Instructions to follow
Among the entries below, please repeat exactly and only the lines from the line containing "Kem Làm Sáng" to the line containing "1989 Douglas Machines", both lines included.

Top of Data section

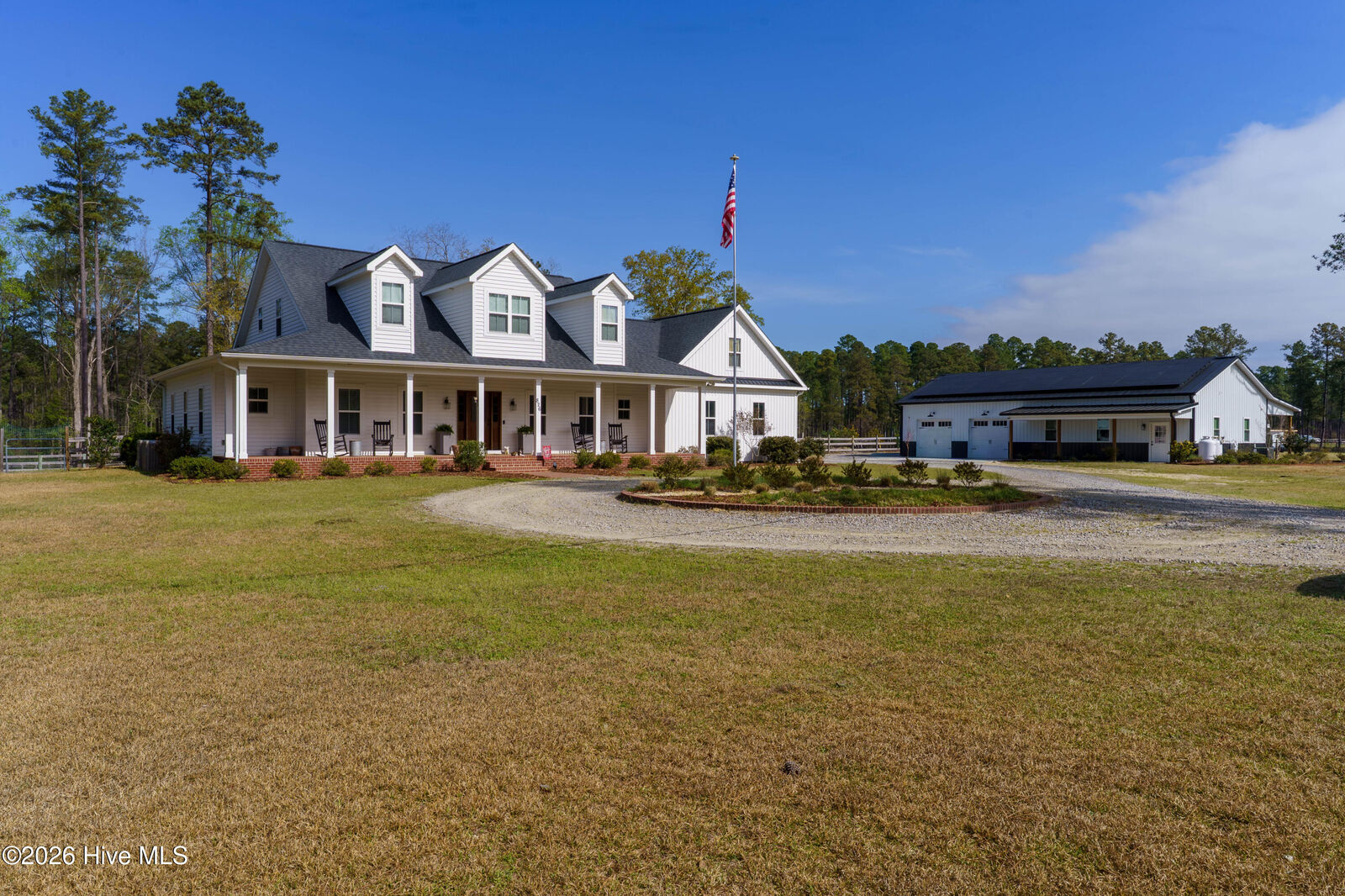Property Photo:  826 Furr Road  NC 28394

Bottom of Data section
Top of Data section

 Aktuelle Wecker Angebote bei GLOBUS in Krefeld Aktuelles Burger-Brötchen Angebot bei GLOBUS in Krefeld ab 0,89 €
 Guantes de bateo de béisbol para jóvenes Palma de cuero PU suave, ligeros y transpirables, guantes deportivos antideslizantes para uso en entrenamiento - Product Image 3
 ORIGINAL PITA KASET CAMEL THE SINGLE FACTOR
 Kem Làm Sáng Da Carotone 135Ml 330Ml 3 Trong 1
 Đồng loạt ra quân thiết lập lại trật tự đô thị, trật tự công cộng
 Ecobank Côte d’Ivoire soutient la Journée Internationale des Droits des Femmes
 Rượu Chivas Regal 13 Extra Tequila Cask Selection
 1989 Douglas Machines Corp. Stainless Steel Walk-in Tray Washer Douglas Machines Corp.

Bottom of Data section
Top of Data section

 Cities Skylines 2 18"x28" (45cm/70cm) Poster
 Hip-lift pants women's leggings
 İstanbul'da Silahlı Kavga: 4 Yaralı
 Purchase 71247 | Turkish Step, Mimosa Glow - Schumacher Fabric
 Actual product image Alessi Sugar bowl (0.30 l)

Bottom of Data section

Problem solution
 Kem Làm Sáng Da Carotone 135Ml 330Ml 3 Trong 1
 Đồng loạt ra quân thiết lập lại trật tự đô thị, trật tự công cộng
 Ecobank Côte d’Ivoire soutient la Journée Internationale des Droits des Femmes
 Rượu Chivas Regal 13 Extra Tequila Cask Selection
 1989 Douglas Machines Corp. Stainless Steel Walk-in Tray Washer Douglas Machines Corp.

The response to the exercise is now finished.